I'm just gonna shift over here to take a look and see what I have in the question box, the acronyms CGR, and FGR stand for course, grained authorization and fine grained authorization. That, that particular slide, I think it's back here. Yeah.
Slide is, is a slide. Just did it a few days ago for a financial services client. I'm developing authorization framework for them. And this is one of the patterns that they required. The slide uses the standard Oasis and ITF models for policy architecture, with policy enforcement points, policy, decision points, policy, information points, and policy access points. I'm sure you've probably seen those before, but I apologize for the CGR. It's a bit obscure. Let's see. I have another question here. Do your customers have a cloud first direction? And what does that mean?
So a lot of customers do have a cloud first direction where they now, as, as I said, have to justify why a new project, a new application is not being sourced from the cloud. I don't know what the percentage is. I'm sure it varies.

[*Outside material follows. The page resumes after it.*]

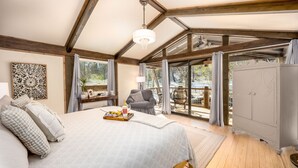 A bedroom with a large bed, a chandelier, a view of the outdoors, a dining area, and a wardrobe. - The Makenzee at Ridgeview. Asheville rental! Luxurious Glamping! (Alexander)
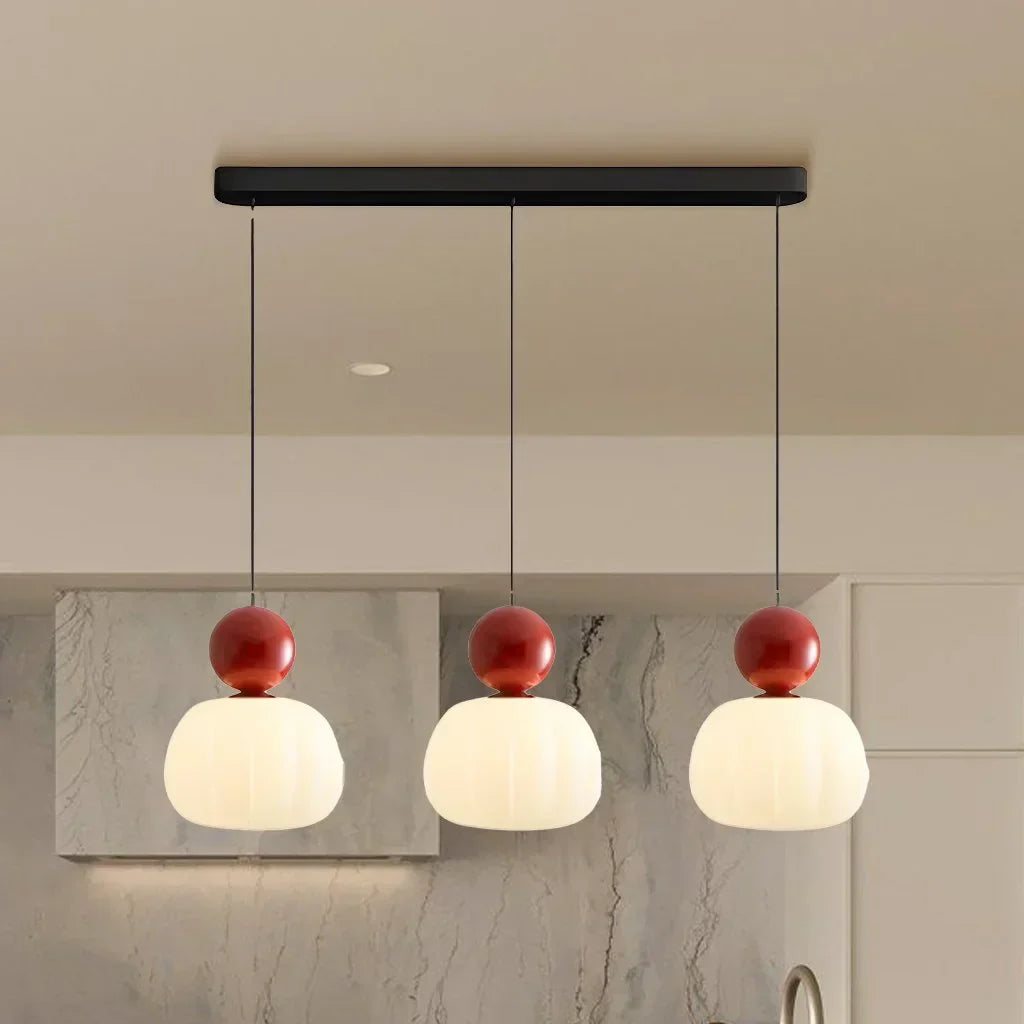 "Art Deco Cream Pendant Light with Bauhaus design, features high-quality metal frame and warm glow for elegant home lighting.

I think it's very high in, in the us and in, in parts of the far east. And I'm not so sure about other regions. I actually also, also though, I've run into one customer that, that had a metric for it, where they, they had a goal by 2018, that 70% of their applications would run in the cloud. So they actually have, they're actually trying to manage to that.
Let's see. I've got, I'm trying to find here.
Can you, okay. I think, I think that's not a different question.
Oh, why are then why are then CGR? So yeah, course grained grain starts with a gr. Sorry about that. Let's see. I have another question. How would you start discovering the shadow it in your environment? I think that, again, a lot of the cloud access security broker vendors, their, their, their including, you know, vendors like net scope or evident, oh, or blue code or CipherCloud or sky high networks, quite a few vendors in the space, UHS are called recently, did a report on CASB vendors that you can look at as well.
A lot of them will offer a preliminary discovery engagement as a free service. If they think that your enterprise could be a actual client in the future. So I would, I would recommend doing a assessment of your cloud access security broker requirements. Do you need single sign on, do you need discovery? Do you need data leakage protection? Do you wanna try encrypting files in software as a service environments or other use cases that they work well for?
You know, and then, and then, you know, come up with a short list of cloud access, security brokers that you think you could use for some of those entry level requirements, and then see if they can prove their worth by helping you discover where your main risks are and how they could help out. Let me see if there's any other questions.
I, I, I, I think we have no further questions and we're at the top of the hour, so I will bring this to the close again, once again. Thank you very much for coming to the webinar.
I, I hope you've enjoyed it. And just going back to the first page again, you see my name and my email address. Feel free to contact me. If you have any further questions or contact Coser call, and you can arrange a inquiry.
If, if, if you want to go deeper into these topics. Thanks very much and have a great day of you're in the us and enjoy your dinner and your evening. If you're over in Europe, take care. Bye-bye.